The “global crisis” — as it is still called — continues its course, becoming ever deeper over the years, wearing away at the institutions of the central powers, breaking the economic and cultural connections that have united these societies, plainly visible as decadence, like a process of general irreversible deterioration. It is also reaching the so-called “emerging countries,” shattering the myth of capitalist rejuvenation from the outside, of the bourgeois improvement of Western neoliberalism, thanks to intervention by the state.

The years 2008 and 2013 constitute periods where the decline of capitalism sped up; in both cases, the origin of the disaster was the imperial center, which later spread to the network of the global system. We could establish an even more precise period and set the months — September 2008 and September to October 2013 — as the “moments” when universal history sharply accelerated, when the accumulation of deterioration produced a large jump of quantity into quality. From the point of view of the system’s masters, it is possible to speak of “annus horribilis,” namely, years of great disgraces, although from the side of the victims, the thousands of millions of human beings who go unnoticed on the bourgeois planet, we can speak of “annus mirabilis,” periods where the system advances clearly toward its ruin, that is to say, with “wonderful” events that encourage hope in the possibility of achieving a better world.

On Sept. 15, 2008, in the United States, the financial giant Lehman Brothers declared bankruptcy, and the American International Group, considered the world leader of insurance and financial services, needed to be rescued by the Federal Reserve. The crisis caused by the collapse of the U.S. real estate bubble spread rapidly, bursting other real estate and stock exchange bubbles in Europe and Asia, and the governments of the large powers poured in several trillion dollars in the following years to stop the world economy’s international financial system’s foundation from flooding. They were unable to understand its prior dynamics, much less the productive structures, but they were able to avoid the danger through postponement.

And so it has been from 2008 onward: The global financial mass, which was expanding at an exponential rate, stopped growing, and, in fact, experienced a gentle decrease. It is what we confirm when we compare the speculation of “financial derivatives” — the heart of global financial parasitism — with the gross world product. In mid-1998, these businesses amounted to around 2.4 times the global face value, coming to around 4.3 times toward the end of 2002, 8.5 times at the end of 2006 and 11.7 times by the middle of 2008, in complete speculative delusion, slowly dropping from then: to 10.5 at the end of 2009, 10.6 by mid-2011, falling to 8.9 at the end of 2012 and 8.6 by mid-2013.

The stagnation of the financial mass and, worse yet, its collapse, marks the end of the long, high growth of global capitalism during neoliberal financialization. The financial restructuring of capitalism has gone on since the 1970s, permitting the enlarged playback of the system’s imperial area: The central states were getting into debt and subsidizing industry — military expenses, fiscal reductions of all kinds — and stemmed the deceleration of consumption — subsidies to the unemployed. Businesses were going into debt to continue investing, and consumers were going into debt, supporting these large markets; on the other hand, the baseline drops in the productive earning rate of large economic groups were more than compensated by the expansion of financial businesses.

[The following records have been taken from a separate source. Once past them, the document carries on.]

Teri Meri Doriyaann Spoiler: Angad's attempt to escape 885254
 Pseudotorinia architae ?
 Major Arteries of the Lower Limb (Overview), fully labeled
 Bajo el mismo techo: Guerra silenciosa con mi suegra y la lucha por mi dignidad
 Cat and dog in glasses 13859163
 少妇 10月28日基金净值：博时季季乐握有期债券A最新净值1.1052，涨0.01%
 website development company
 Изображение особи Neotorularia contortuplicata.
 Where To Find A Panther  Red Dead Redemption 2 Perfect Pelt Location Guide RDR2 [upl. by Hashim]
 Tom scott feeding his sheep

However, the bubble finally burst in 2008; from then on, a “controlled” financial-productive decline took place: The public and private debts of the traditional central powers continued growing, the European Union held back to finally go into recession, Japan took an even more dramatic path — Fukushima intervening — and the United States had an anemic growth, which threatened to become stagnation or go right into recession from 2012 to 2013. The system had entered a new phase.

War and Petrodollars

The crisis of 2008 did not end with America’s militaristic wave. On the contrary, it fueled it: Long before this crisis, facing its financial and productive weakness, the imperial elite was convinced that just by using its military superiority, it could turn its economic setbacks around or at least stop their development. The Western victory in the Cold War seemed to confirm this hypothesis. The militaristic avalanche of the Reagan era during the 1980s, continued by George Bush’s presidency, gave the final blow to the Soviet Union, obliging it to compete in an arms race that overwhelmed its economic capacity and bureaucratic deterioration. With the USSR finished off, the United States emerged as the only military superpower, with the planet at its disposal.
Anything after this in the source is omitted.